Task to complete:
Look below for the line containing "a woman with". Write out that line and the rest through the last one, exactly as they appear, but without pictures.

Items from a data source:
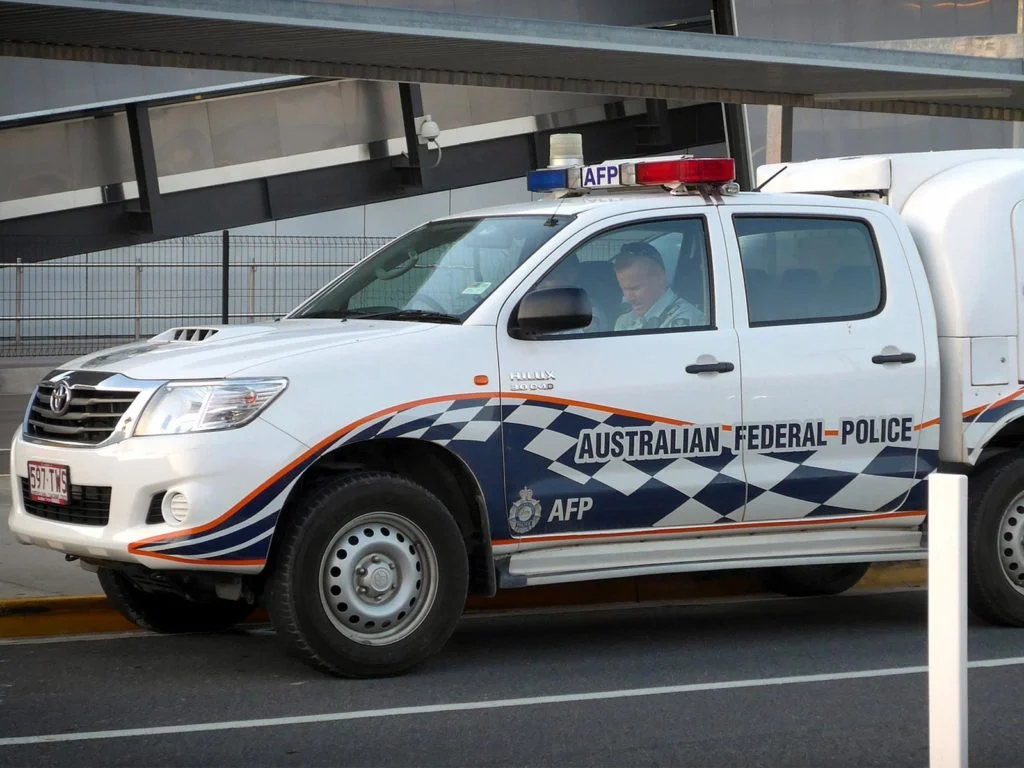A picture of two police officers sitting in an Australian federal police car.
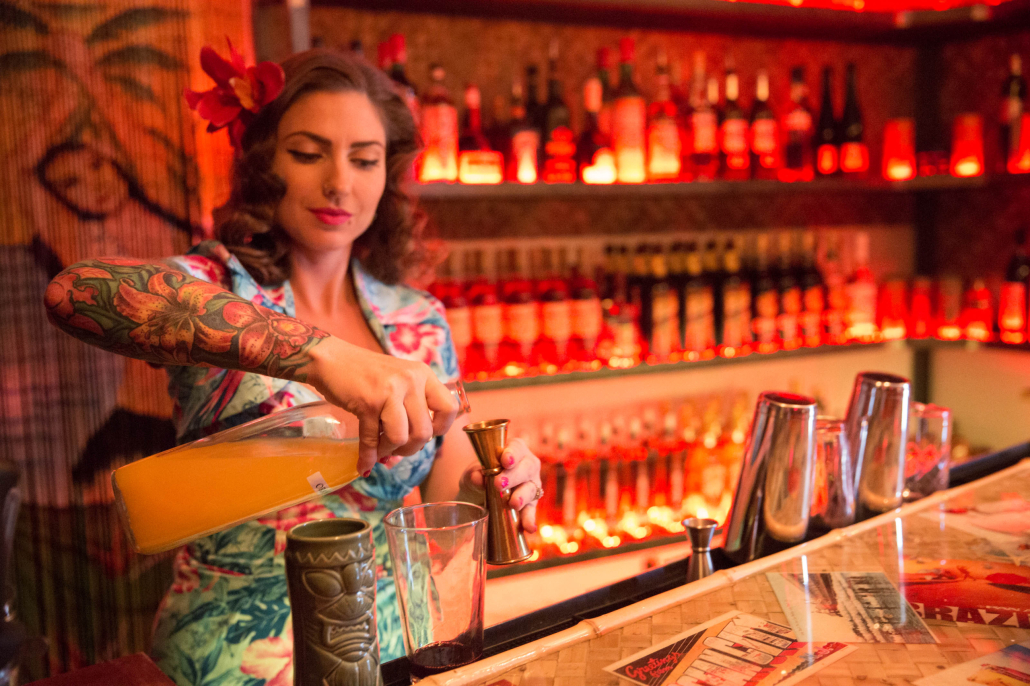 A bartender pours a drink at Bootlegger Tiki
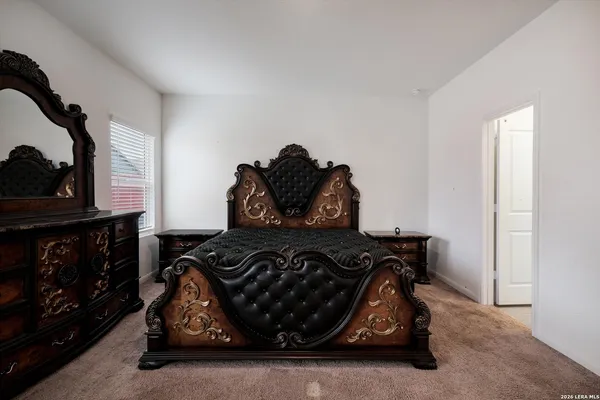 a bedroom with a bed and a fireplace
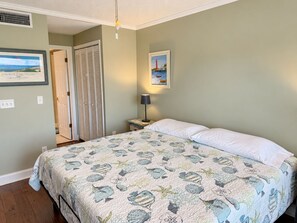 Ein Schlafzimmer mit einem Bett, einem Nachttisch, einer Lampe, einer Tür und einem gerahmten Bild an der Wand.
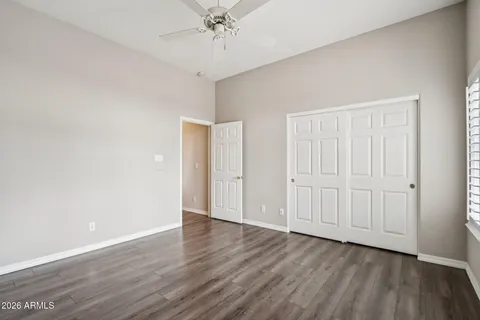 a spacious bathroom with a tub sink and mirror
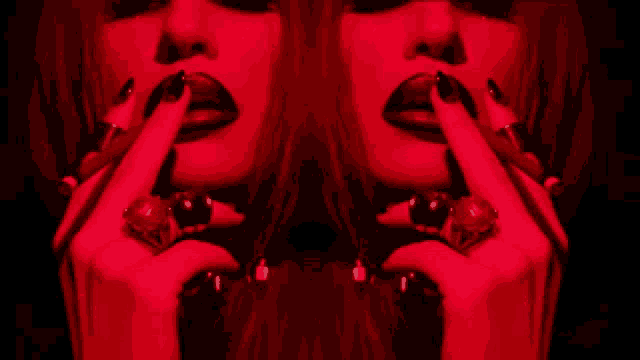 a woman with long black nails is smoking a cigarette in the dark
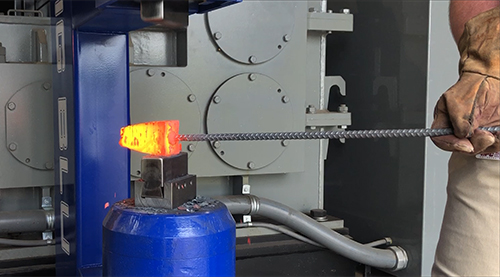 A pneumatic power hammer is among the forging capabilities at the Edwards Building, allowing for research on novel wrought alloys.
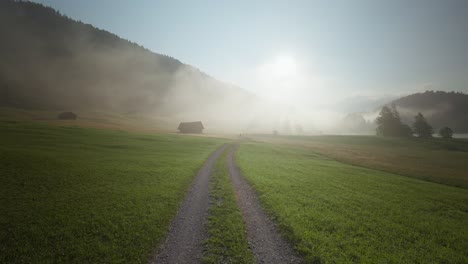 Ein-Biker-Fährt-An-Einem-Nebligen-Morgen-In-Der-Nähe-Des-Wagenbrüchsees-Einen-Gewundenen-Feldweg-Durch-Grüne-Felder-Hinunter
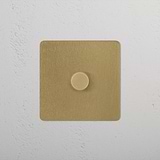 1G Two Way Dimmer Switch in Antique Brass on a white textured wall.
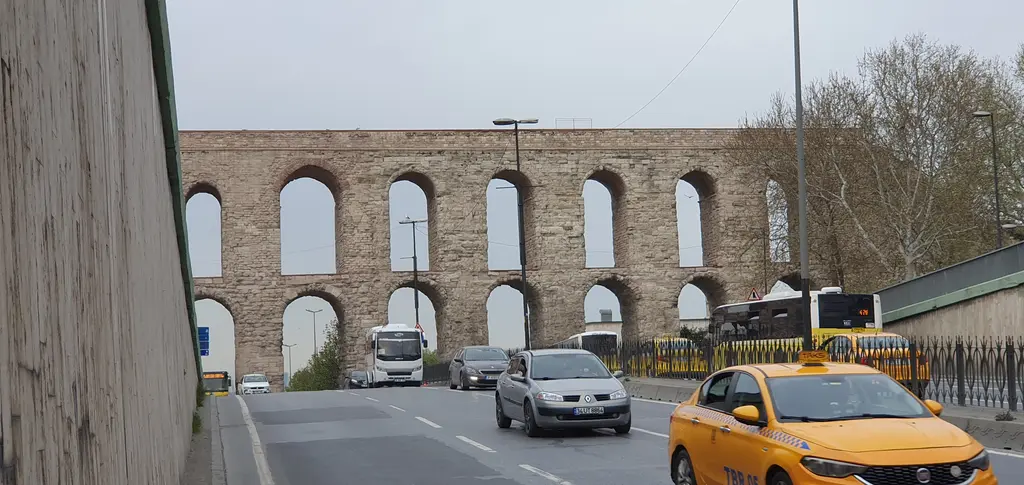 Bozdoğan Kemeri'nin uzun cephesi; altta büyük yuvarlak kemerler, üstte dar kemer sırası, sağda gözün altından geçen sarı taksi, önde beton istinat duvarı ve yol.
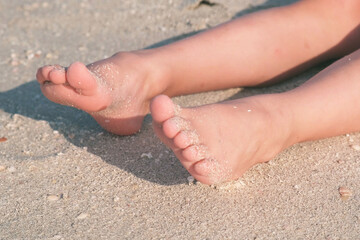 Sandy feet resting on the beach, capturing the essence of summer relaxation and enjoyment by the seaside. The image highlights the texture of the sand and the carefree feeling of a beach day.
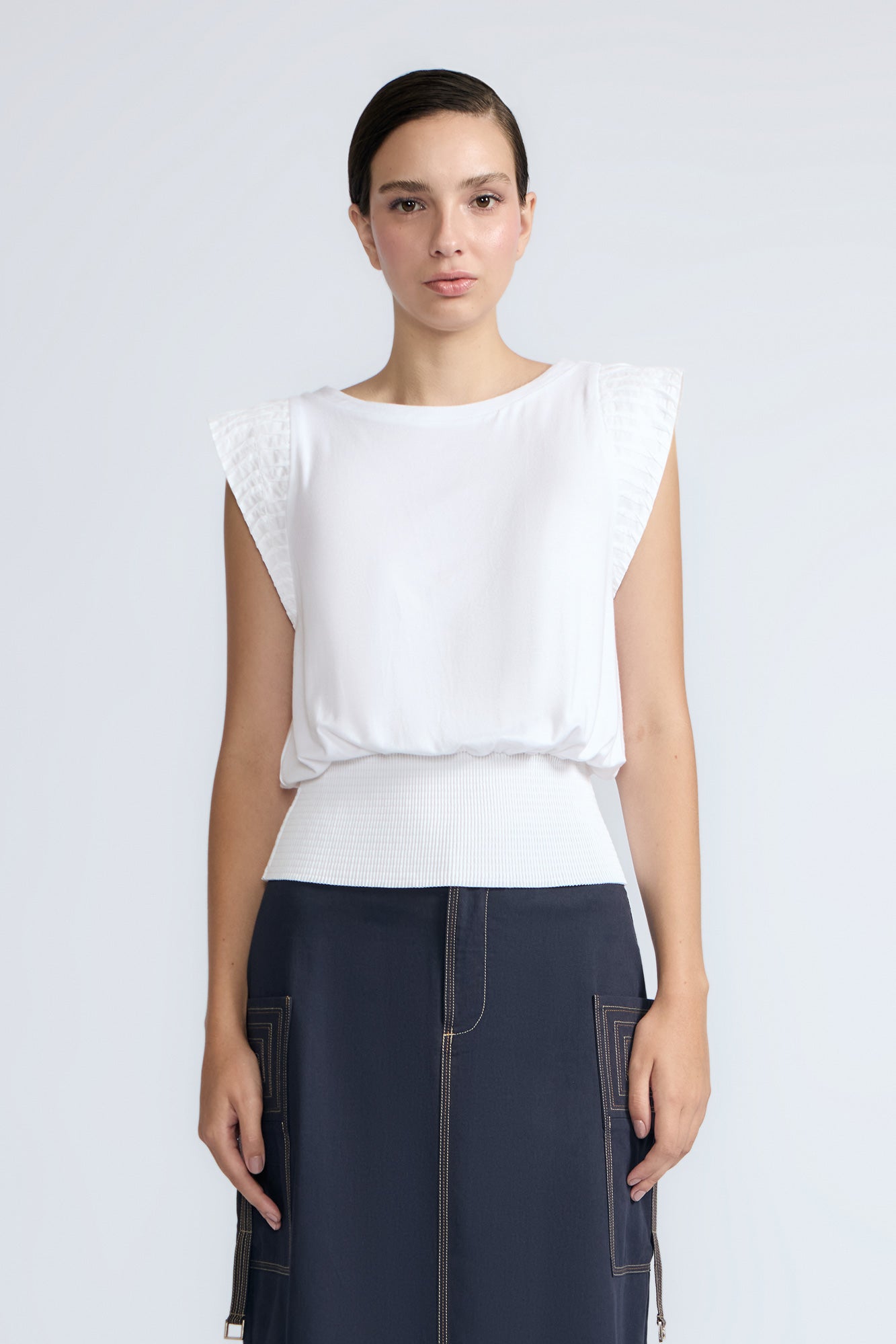 Selena Top in White – Soft cotton sleeveless top with round collar, ruffled arm details, and a gently cinched waist.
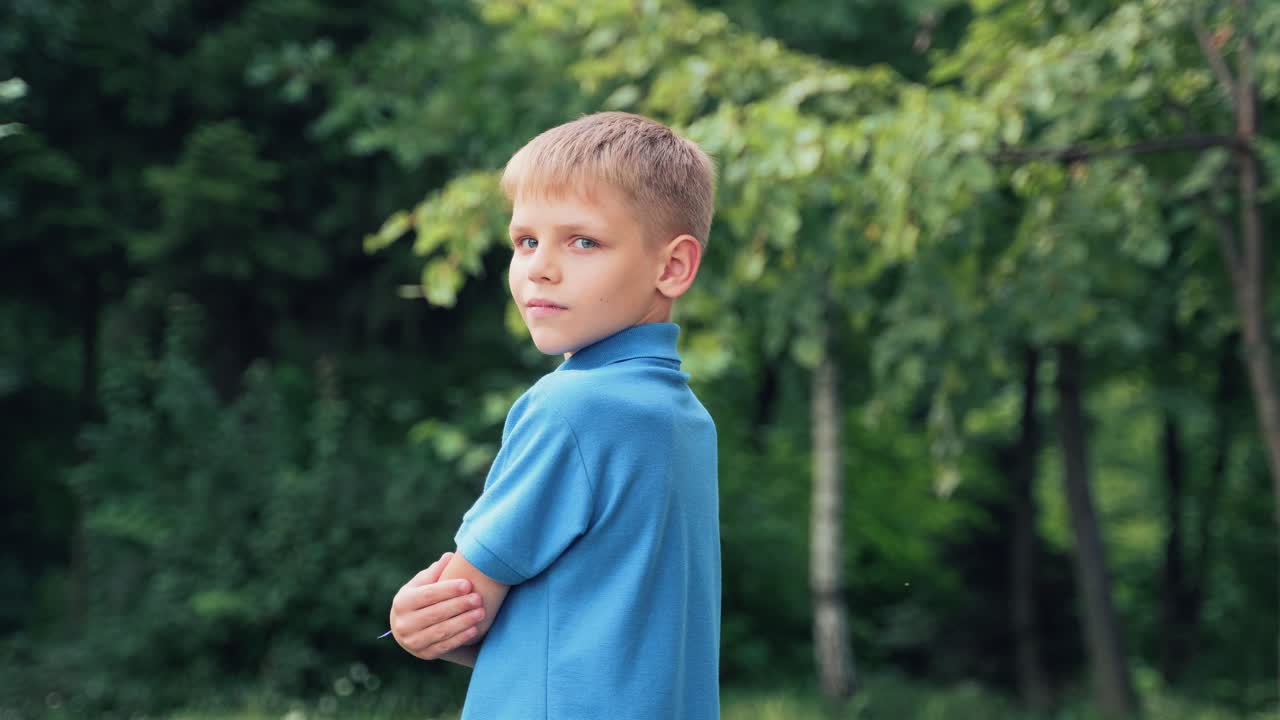 Child turns from his back and looks at the camera smiling. Portrait of a boy in a blue shirt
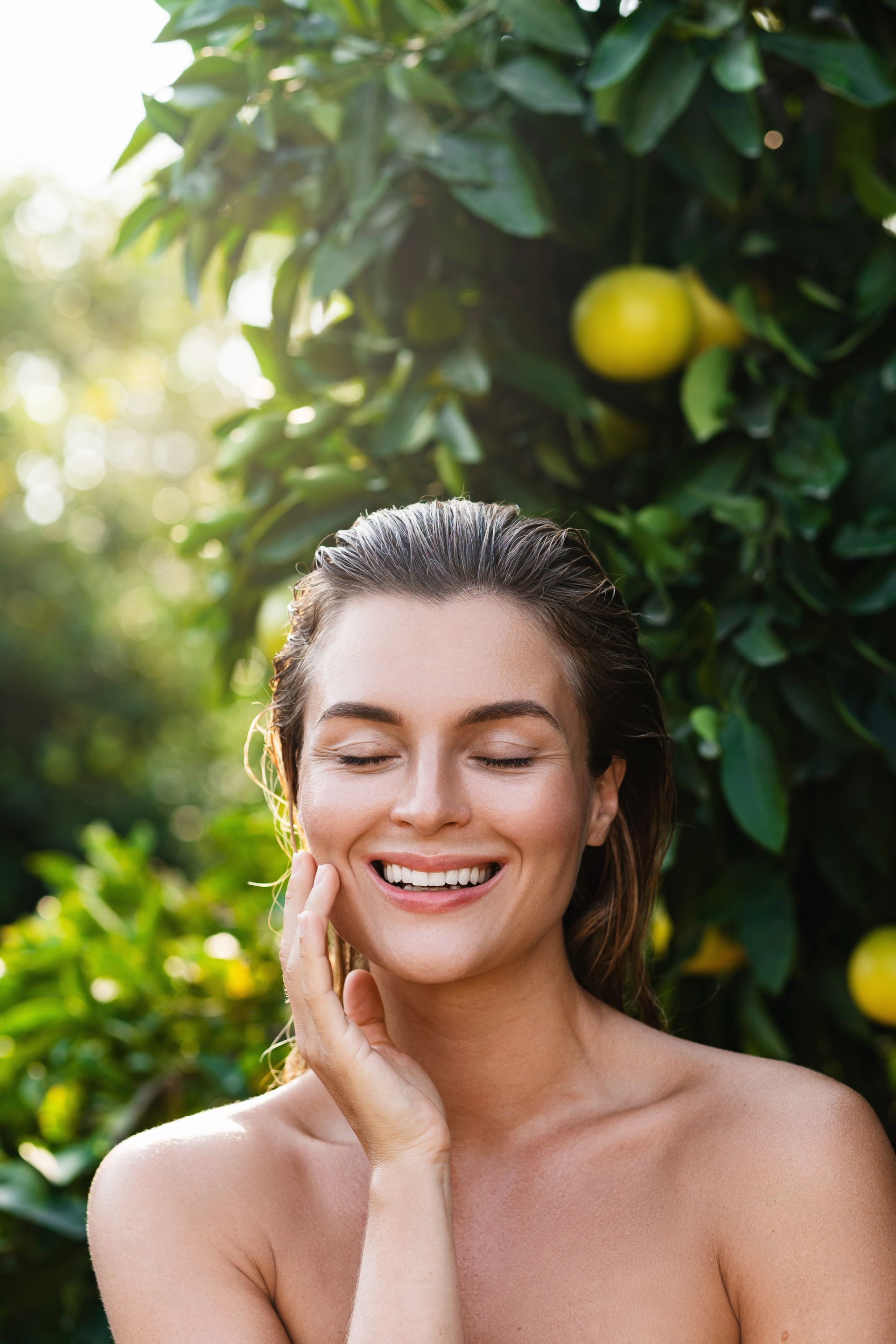 A woman is smiling and touching her neck with her hands.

Response for this exercise:
 a woman with long black nails is smoking a cigarette in the dark
 A pneumatic power hammer is among the forging capabilities at the Edwards Building, allowing for research on novel wrought alloys.
 Ein-Biker-Fährt-An-Einem-Nebligen-Morgen-In-Der-Nähe-Des-Wagenbrüchsees-Einen-Gewundenen-Feldweg-Durch-Grüne-Felder-Hinunter
 1G Two Way Dimmer Switch in Antique Brass on a white textured wall.
 Bozdoğan Kemeri'nin uzun cephesi; altta büyük yuvarlak kemerler, üstte dar kemer sırası, sağda gözün altından geçen sarı taksi, önde beton istinat duvarı ve yol.
 Sandy feet resting on the beach, capturing the essence of summer relaxation and enjoyment by the seaside. The image highlights the texture of the sand and the carefree feeling of a beach day.
 Selena Top in White – Soft cotton sleeveless top with round collar, ruffled arm details, and a gently cinched waist.
 Child turns from his back and looks at the camera smiling. Portrait of a boy in a blue shirt
 A woman is smiling and touching her neck with her hands.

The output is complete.